The rabbi jumped up, smiling and laughing.

“Imagine—here’s a guard with a gun, and I say to the guy, ‘Uh, the pope is calling me.’ He’s a Jordanian guy, I don’t know what language he speaks, and there are the Vatican guards. Somebody took me inside the barricade. I was with this friend of mine, right? Imagine, I have the pope there”—he gestured with his right hand—“and my friend here”—he gestured with his left hand—“with all the guards pushing him to keep him from coming with me. What do you do? What do you do? He’s the pope, I mean--”

I interrupted. “So you were being pushed toward the pope, who has gotten out of the popemobile to see you, and you are worried about your pal getting crushed by the security guards. Why are you worried about your friend?”

“I went for my friend because he had the camera,” the rabbi replied.

He laughed, hard, and so did I. The timing of the punchline was perfect.

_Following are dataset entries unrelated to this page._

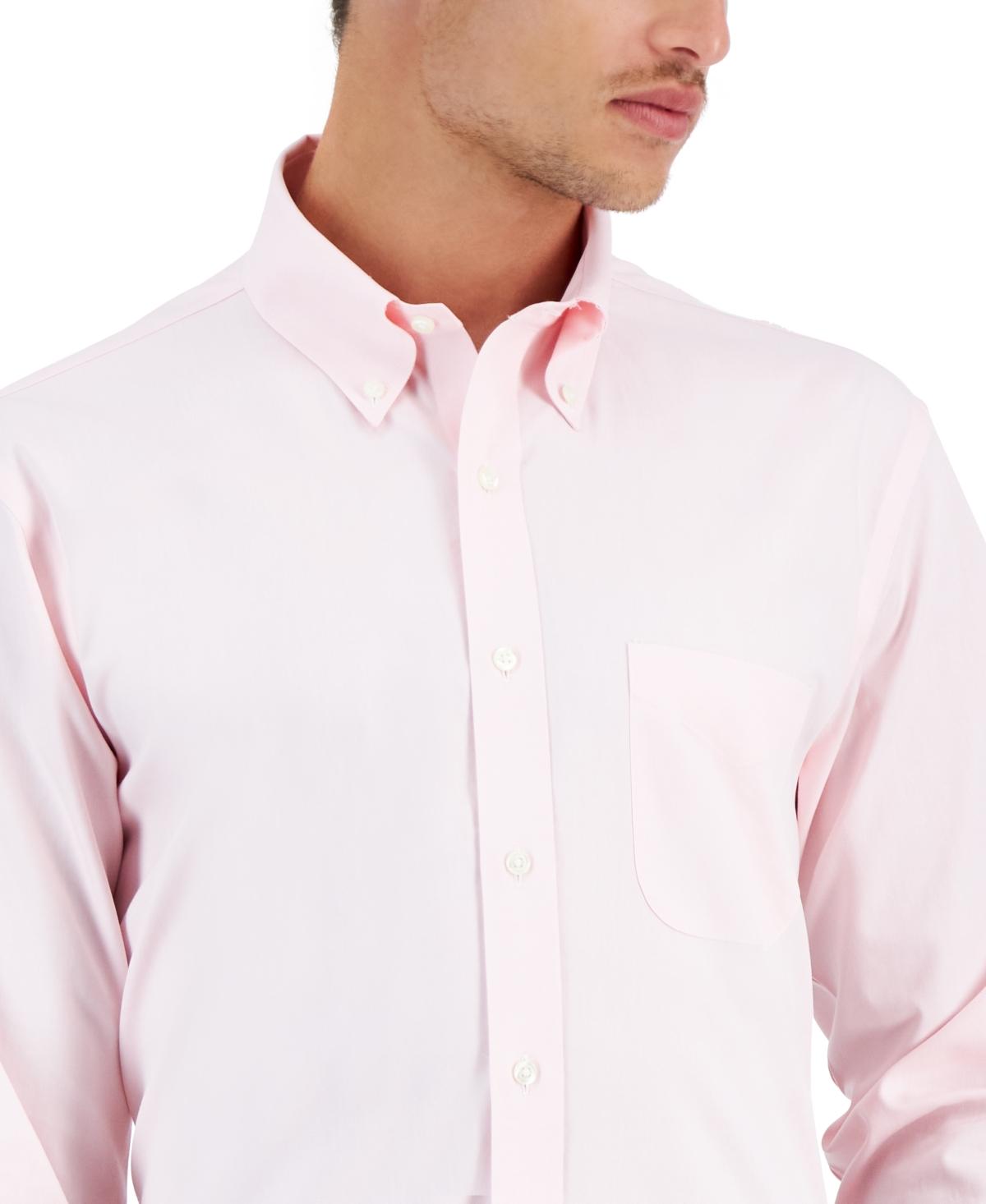 Men's Regular Fit Non-Iron Solid Dress Shirt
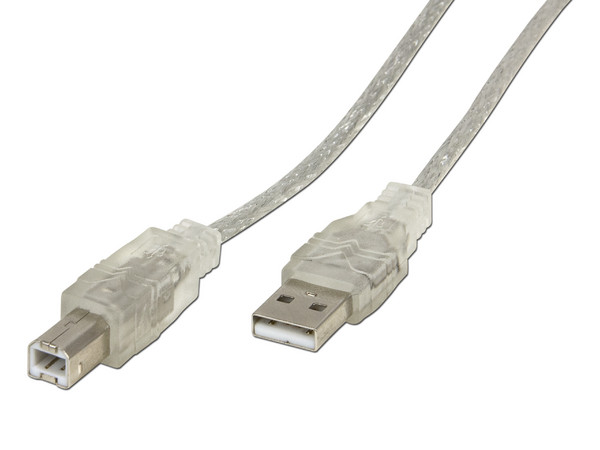 Cable Manhattan USB 2.0 A macho/ B macho de 4.5 Mts. para Impresora y Escáner                           
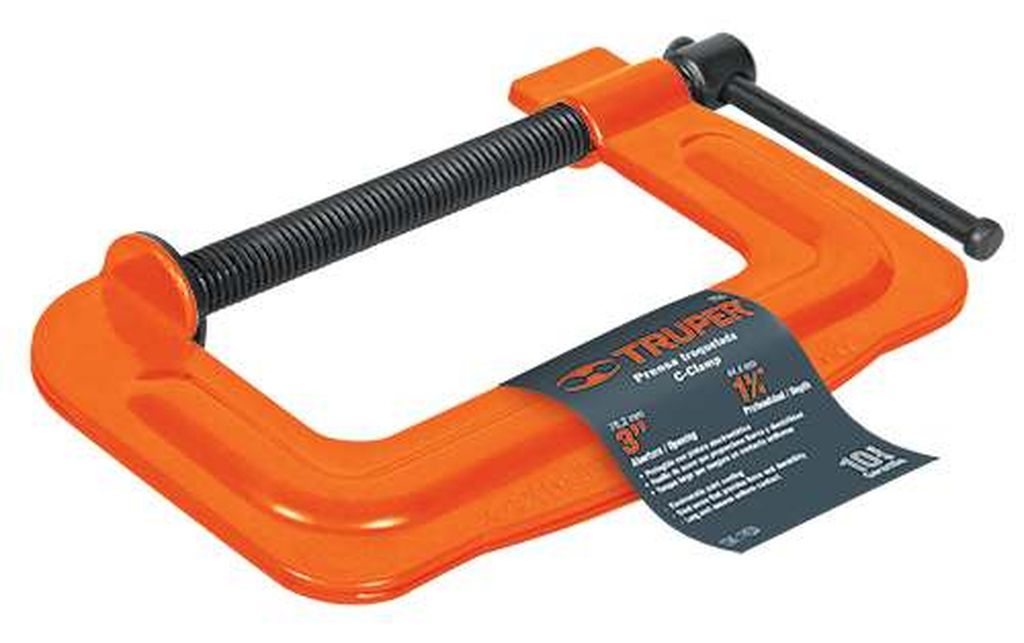 Prensa 3' troquelada de acero, Truper PTR-3, 17668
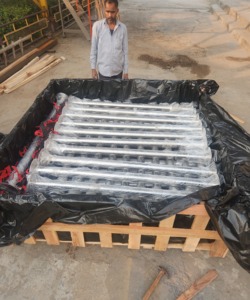 เครื่องย้อมผ้าทรงกรวยแนวตั้งอัตโนมัติ JOGSON แบบ 4 หลอด ปั๊ม 4 หัว ความจุ 60 กก. แรงดันไฟฟ้า 380-440V แผงควบคุมระบบ PLC แบบสัมผัส - Product Image 5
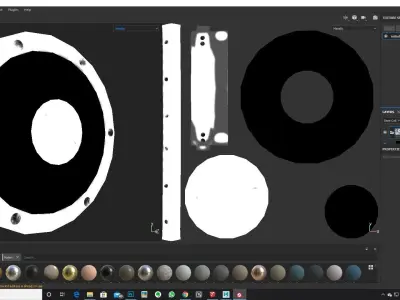 low poly shield wooden Free low-poly 3D model
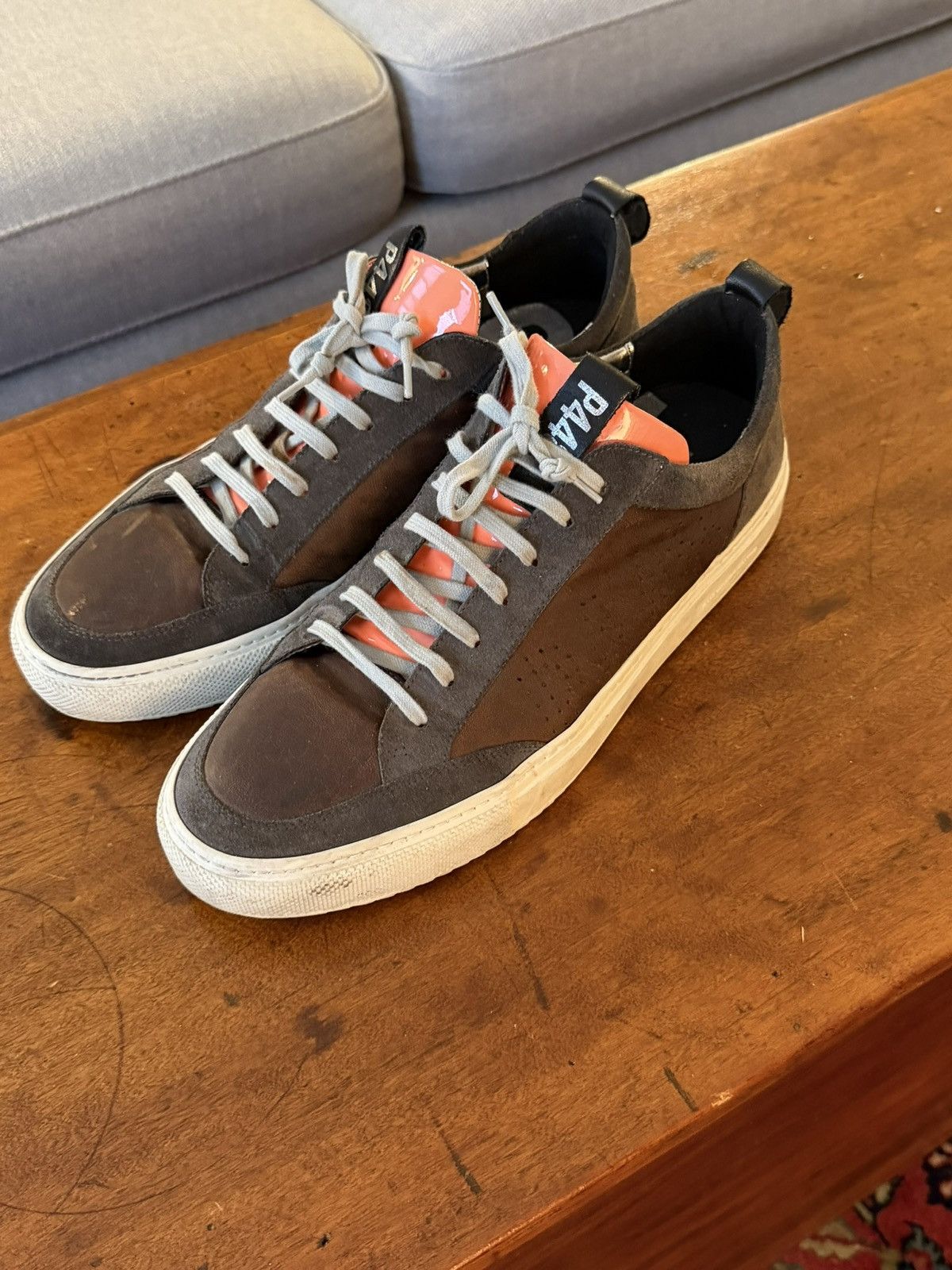 P448 P448 SoHo Brown/Grey/Orange Sneakers – Size 43 Size US 10 / EU 43 - 1 Thumbnail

A seasoned comedian couldn’t have delivered it any better.

“Afterward, my friend says, ‘All those guys that go to the Vatican, they go and they have a solemn picture taken with the pope, you know, but this picture, with this smile, it was like—we were in the middle of the 21 shantytown.’”

“So what happened then?” I asked.

“He got out. I hadn’t seen him for a year and a half, but a lot of things happened during that time with this guy, right?” He shrugged and smiled sheepishly, accentuating the absurdity of the statement. “You have like twenty seconds to say something to the most important person in the world. What do you say to him in those twenty seconds? What do you say?”

“What did you say?” I asked.

“Ah, good question.” He enjoyed stringing me along. “I was there and I was thinking I needed a theological phrase for the ages, right? The perfect phrase. And before I could say anything he said, “Hey, Alé, how’s the family?’ He moved me twice in one minute. Right? Because first he stopped everything to talk to me, and then he asked the last question I would think of: ‘Hey, your family, how are they?’”

The room became quiet. Avruj stared at me, dumbfounded by the pope’s surprising question. Then he broke the silence. “I thought, what are you talking about? I said, ‘Well, good, the children have been asking after you.’”

His voice trailed off. He wasn’t smiling or animated now. He just looked at me, again, for a few seconds in silence.

“Maybe this is the big question we have to ask, ‘How’s the family?’ Because we are all family. This is the question, right?”

I looked into the rabbi’s eyes and I could see that he was tearing up. He was silent again.

“How’s the family?” he said again softly.

I understood the rabbi’s desire to come up with the most important, memorable thing to say to one of the most influential people in the world. It was a chance to impress the man, to make himself seem intelligent and insightful—that’s what I would have wanted to do. But what came out of the pope’s mouth was a purely human question: How is your family? There they were, in the Middle East, The Holy Land to the three major religions of the world, and Pope Francis asks him the simplest, yet most important, of questions.

Avruj broke the silence, saying that he hoped that when the pope had a meeting with the head of Israel and the head of Palestine, “maybe he will ask the same question, ‘Hey, how is your family?’ And maybe if they answer that question—well, maybe peace will come. It depends on how they answer the question about their family.”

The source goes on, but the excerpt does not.